Eine Besonderheit der Weltwirtschaft sieht Wallerstein in der Form der Wirtschaftsorganisation. Der hier vorherrschende Kapitalismus hat aus der Vielartigkeit der politischen Systeme in der Weltwirtschaft stark profitiert. Denn für Wallerstein beruht der Kapitalismus eben nicht auf der Nicht-Einmischung des Staates in ökonomische Belange. Sondern er beruht auf der ständigen Absorption der ökonomischen Verluste durch politische Gebilde, während der zeitgleichen Verteilung von ökonomischen Gewinnen an private Besitzer5.

Wallerstein glaubt: Es ist für den Kapitalismus wichtig ist, dass die Wirtschaftsfaktoren in einem Gebiet wirksam sind, welches ein politisches System völlig kontrollieren kann. Dieser Umstand gibt den Kapitalisten eine strukturell begründete Handlungsfreiheit. Diese hat zur Folge, dass die stetige wirtschaftliche Ausdehnung des Welt-Systems möglich ist, obwohl die Verteilung der Gewinne sehr einseitig ist. Ein alternatives Welt-System, in dem das Verteilungssystem verändert werden und trotzdem ein hohes Produktionsniveau aufrechterhalten werden könnte, würde eine Reintegration der politischen und wirtschaftlichen Entscheidungsebene bedeuten. Diese sozialistische Weltregierung stellt eine dritte mögliche Form des Welt-Systems da. Diese Form des Welt-Systems ist zurzeit weder existent noch war sie im 16 Jahrhundert vorstellbar 6.

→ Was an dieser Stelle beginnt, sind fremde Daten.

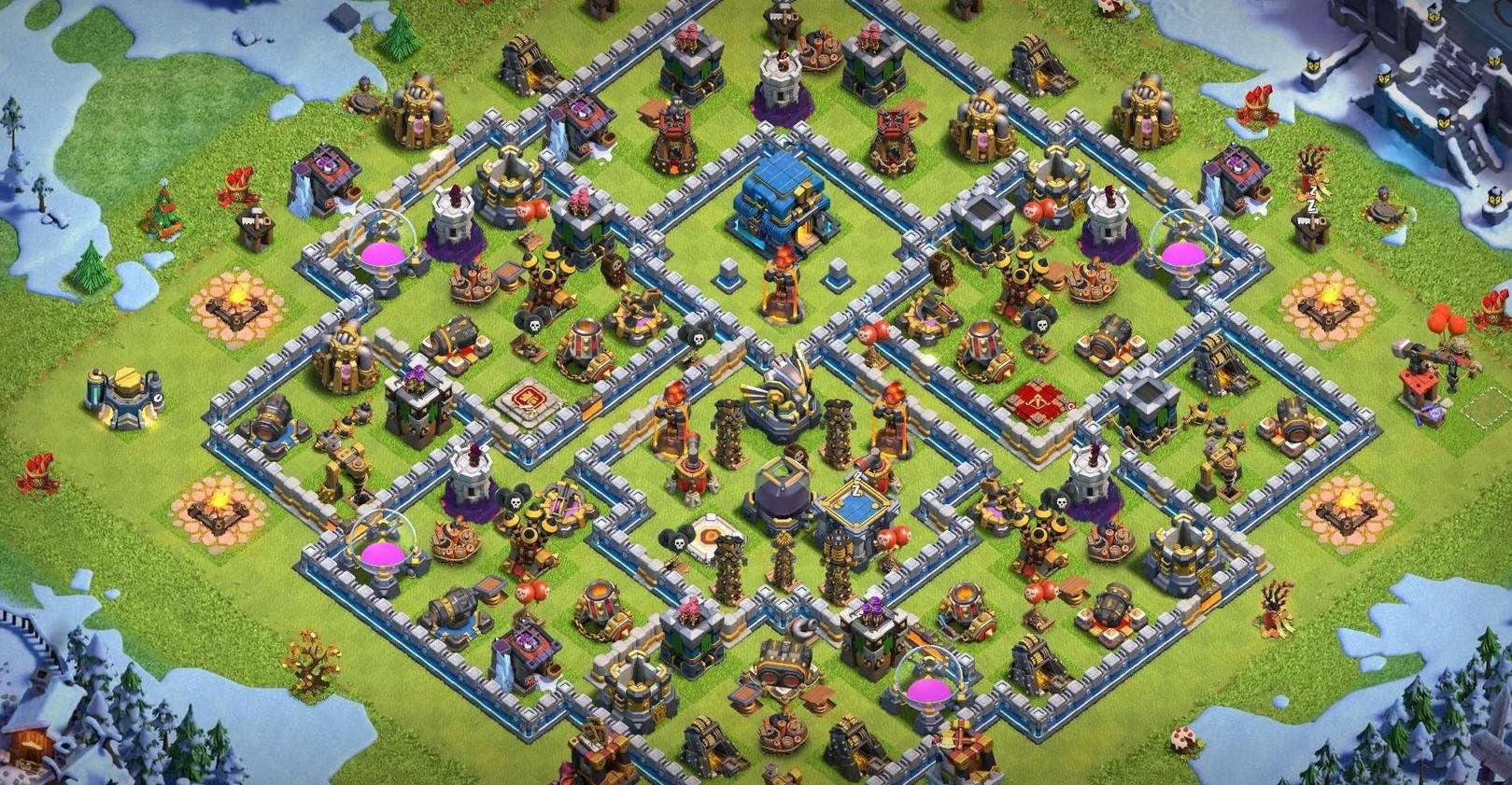 coc farming loot protection town hall 12 base layout link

Die schon erwähnte Arbeitsteilung im Welt-System ist nicht nur funktional verteilt, sondern auch geographisch. Die Verteilung der ökonomischen Aufgaben im Welt-System erfolgt nicht gleichmäßig. Dieser Umstand ist zum einen eine Folge ökologischer und geographischer Gegebenheiten, doch dient er vor allem der sozialen Organisation der Arbeit. Es legitimiert und vergrößert die Fähigkeit einer Gruppe innerhalb des Systems, die Arbeit der anderen auszubeuten7.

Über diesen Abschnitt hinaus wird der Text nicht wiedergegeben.